After enjoying the seascape from one of the ten Primeiras and Segundas Islands, the next stop for the group was Mitepene. There, the students got a chance to speak their local language, Koti, with one of the members of the CBNRM. They asked him questions about how they spread the message of conservation to the rest of the community, how they replant mangroves, what’s the importance of replanting the mangroves and how the committee helps in case of disasters. Seeing the mangroves that the community planted was also a very special part of the visit, showing them that conservation is also in their own hands.

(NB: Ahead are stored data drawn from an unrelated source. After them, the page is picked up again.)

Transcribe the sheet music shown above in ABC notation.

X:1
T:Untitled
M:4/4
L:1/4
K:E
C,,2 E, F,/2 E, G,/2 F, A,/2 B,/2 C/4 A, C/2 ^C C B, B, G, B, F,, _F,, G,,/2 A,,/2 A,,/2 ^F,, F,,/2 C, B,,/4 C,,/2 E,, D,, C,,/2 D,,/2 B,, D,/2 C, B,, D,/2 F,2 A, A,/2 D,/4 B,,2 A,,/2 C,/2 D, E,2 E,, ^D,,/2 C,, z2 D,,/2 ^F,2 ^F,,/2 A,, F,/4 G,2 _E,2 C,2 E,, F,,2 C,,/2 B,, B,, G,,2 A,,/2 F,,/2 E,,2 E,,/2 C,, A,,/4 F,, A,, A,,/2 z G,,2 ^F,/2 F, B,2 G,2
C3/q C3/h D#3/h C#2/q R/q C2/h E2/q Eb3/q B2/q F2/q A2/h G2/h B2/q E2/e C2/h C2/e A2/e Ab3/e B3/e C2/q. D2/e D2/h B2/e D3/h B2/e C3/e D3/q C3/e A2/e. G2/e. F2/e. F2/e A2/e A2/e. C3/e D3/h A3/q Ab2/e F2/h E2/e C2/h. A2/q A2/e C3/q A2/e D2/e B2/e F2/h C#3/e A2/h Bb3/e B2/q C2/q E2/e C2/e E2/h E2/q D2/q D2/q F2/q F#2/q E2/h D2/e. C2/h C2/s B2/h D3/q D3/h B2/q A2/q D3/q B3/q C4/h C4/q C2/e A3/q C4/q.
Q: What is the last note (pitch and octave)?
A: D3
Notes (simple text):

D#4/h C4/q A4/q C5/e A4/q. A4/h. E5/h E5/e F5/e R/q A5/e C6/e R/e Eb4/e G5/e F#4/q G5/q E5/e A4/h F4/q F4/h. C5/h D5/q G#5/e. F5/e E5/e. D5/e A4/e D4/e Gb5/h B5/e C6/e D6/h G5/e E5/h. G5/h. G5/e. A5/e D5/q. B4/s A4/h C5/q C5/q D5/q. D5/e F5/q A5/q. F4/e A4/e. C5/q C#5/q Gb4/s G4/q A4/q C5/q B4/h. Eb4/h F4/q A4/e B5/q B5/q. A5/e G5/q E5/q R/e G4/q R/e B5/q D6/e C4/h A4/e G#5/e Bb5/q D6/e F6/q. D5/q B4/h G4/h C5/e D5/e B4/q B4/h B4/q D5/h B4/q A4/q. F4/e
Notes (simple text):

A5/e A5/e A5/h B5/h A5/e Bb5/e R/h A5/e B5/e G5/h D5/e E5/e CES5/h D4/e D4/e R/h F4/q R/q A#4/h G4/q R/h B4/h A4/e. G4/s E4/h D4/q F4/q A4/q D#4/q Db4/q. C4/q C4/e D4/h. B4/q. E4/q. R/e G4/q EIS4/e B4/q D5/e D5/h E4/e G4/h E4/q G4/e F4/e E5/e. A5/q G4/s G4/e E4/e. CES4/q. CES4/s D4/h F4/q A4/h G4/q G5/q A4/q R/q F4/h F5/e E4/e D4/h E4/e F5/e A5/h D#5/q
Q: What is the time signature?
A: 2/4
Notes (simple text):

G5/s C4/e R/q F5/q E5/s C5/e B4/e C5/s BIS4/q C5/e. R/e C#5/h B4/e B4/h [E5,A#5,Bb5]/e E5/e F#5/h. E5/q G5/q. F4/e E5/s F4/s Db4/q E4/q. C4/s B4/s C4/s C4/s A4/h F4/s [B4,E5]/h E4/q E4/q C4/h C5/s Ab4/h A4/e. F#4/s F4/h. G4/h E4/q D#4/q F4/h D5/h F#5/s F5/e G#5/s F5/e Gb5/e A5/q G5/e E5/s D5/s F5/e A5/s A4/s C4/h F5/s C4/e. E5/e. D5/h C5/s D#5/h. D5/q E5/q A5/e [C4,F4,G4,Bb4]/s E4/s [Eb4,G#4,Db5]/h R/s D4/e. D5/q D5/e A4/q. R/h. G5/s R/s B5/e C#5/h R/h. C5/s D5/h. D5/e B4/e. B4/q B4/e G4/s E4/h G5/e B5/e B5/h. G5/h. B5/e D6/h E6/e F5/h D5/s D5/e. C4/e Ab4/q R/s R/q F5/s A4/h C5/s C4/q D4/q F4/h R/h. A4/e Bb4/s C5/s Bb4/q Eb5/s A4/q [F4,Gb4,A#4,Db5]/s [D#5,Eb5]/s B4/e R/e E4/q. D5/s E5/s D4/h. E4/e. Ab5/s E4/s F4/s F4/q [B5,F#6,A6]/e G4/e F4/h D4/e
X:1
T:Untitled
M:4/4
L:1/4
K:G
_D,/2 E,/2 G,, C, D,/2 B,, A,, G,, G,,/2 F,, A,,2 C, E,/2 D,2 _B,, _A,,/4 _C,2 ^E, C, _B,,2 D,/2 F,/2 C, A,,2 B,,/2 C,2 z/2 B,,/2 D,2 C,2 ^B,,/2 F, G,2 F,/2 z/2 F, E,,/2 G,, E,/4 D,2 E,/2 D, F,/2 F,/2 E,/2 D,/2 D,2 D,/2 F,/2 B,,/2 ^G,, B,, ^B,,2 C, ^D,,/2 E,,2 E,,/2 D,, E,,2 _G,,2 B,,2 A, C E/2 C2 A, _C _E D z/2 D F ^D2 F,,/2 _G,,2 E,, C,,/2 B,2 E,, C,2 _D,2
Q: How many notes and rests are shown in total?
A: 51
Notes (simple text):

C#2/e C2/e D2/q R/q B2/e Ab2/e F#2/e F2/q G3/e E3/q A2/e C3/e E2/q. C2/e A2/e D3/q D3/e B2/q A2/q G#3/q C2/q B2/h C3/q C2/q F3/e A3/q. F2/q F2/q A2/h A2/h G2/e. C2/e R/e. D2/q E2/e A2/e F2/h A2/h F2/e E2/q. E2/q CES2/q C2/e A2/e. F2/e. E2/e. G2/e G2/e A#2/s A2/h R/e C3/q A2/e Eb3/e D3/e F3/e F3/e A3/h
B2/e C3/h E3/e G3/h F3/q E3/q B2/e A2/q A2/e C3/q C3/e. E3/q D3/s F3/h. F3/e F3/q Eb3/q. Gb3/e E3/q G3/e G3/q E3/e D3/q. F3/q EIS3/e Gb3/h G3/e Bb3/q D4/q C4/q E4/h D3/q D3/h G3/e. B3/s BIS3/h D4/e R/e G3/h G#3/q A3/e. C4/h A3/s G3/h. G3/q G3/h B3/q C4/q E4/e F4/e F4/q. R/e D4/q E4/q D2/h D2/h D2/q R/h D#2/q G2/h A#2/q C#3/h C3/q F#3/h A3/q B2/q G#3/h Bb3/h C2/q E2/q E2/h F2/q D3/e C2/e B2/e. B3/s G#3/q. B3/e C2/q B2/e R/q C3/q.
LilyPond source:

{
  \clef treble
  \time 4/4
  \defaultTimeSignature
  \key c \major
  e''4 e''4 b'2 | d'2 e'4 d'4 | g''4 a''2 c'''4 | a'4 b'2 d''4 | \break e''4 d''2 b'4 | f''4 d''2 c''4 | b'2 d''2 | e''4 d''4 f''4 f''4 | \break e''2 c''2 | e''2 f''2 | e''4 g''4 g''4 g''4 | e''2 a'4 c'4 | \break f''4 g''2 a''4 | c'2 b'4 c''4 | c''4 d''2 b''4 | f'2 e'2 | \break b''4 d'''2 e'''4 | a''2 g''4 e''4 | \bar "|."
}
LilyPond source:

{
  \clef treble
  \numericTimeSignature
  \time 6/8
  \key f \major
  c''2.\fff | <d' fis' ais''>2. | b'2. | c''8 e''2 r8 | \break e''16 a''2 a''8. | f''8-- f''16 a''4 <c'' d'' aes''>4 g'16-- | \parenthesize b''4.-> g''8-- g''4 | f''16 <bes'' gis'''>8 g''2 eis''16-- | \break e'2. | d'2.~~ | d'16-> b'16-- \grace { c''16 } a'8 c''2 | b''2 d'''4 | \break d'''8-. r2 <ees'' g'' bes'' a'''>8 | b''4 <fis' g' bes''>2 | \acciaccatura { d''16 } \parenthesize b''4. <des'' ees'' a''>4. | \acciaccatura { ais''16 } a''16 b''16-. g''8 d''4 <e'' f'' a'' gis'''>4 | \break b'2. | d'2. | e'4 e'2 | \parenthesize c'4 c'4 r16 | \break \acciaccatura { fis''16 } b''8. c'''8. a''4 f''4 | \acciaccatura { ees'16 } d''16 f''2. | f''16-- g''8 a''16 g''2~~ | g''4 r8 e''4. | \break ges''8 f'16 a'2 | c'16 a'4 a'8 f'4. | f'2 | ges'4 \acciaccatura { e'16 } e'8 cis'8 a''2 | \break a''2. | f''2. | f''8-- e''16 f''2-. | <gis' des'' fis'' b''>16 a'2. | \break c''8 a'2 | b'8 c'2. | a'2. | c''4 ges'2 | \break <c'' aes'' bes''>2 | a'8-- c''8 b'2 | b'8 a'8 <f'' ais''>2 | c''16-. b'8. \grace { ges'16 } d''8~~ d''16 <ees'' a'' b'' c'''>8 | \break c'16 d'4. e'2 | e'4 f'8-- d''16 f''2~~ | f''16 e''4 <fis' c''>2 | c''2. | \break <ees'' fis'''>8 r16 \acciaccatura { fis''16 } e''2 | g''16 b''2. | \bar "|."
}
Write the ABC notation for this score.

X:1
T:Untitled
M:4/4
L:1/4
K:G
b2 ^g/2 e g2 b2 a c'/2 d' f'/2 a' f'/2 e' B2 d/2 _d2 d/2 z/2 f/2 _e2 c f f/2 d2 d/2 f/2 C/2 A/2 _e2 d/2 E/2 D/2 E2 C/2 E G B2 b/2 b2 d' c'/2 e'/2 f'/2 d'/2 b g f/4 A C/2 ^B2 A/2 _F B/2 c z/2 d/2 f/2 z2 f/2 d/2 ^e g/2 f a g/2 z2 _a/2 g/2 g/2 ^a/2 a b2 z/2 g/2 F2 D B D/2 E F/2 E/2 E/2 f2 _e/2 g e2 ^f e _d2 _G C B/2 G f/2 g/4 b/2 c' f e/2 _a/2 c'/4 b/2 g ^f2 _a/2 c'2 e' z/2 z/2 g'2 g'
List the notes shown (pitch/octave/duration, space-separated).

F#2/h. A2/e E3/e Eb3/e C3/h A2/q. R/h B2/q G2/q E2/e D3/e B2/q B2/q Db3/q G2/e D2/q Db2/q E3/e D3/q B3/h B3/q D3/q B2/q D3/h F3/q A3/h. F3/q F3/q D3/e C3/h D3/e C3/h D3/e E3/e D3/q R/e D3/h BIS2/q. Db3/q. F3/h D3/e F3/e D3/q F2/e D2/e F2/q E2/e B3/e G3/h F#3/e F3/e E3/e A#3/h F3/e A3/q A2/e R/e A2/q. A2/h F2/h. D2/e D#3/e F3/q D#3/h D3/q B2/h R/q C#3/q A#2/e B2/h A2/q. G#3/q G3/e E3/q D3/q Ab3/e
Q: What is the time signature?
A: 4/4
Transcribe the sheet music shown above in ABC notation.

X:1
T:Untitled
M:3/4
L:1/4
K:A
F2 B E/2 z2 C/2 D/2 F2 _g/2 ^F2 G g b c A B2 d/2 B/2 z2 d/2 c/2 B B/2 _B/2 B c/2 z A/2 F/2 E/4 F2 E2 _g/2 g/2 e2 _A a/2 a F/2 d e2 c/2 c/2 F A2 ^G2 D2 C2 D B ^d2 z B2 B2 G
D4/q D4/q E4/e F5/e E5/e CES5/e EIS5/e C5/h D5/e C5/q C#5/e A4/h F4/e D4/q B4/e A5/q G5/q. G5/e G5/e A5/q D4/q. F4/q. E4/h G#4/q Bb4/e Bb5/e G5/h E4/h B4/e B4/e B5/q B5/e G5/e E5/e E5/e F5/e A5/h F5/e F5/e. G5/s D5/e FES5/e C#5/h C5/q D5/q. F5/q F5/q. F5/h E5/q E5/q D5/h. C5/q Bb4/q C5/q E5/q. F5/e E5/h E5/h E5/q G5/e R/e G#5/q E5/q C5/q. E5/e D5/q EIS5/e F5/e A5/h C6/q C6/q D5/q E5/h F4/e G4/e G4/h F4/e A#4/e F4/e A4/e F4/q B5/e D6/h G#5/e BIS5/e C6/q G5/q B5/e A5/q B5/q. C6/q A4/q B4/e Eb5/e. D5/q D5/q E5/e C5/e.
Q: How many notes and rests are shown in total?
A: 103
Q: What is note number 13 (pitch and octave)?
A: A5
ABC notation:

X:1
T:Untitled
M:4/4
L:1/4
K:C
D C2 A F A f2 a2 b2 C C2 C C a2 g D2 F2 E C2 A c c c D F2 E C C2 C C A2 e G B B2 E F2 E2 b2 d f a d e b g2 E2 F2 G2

The last stop hit the students even closer to home. For some, it took them to their own neighborhood, Inguri, where Cremildo explained to them the dangers of climate change and how it could potentially affect them personally in the coming years. In this area, kilometers of houses are crammed right next to the sea with a boats parked right in front. This is a clear proof of how much the environment and the people are intertwined — and of the imminent dangers of climate change. With sea levels rising globally, the division between the land and the sea is decreasing every year. In Inguri, the population lives right at sea level, which is very dangerous for the people living there because they have no natural protection to erosion after the mangroves in the area were all taken down for wood.
At the end of the visits, the students were assigned homework. How can they use the knowledge gained today in order to help preserve the environment?
“We can’t let this generation go on without environmental conservation information,” said Cremildo Armando.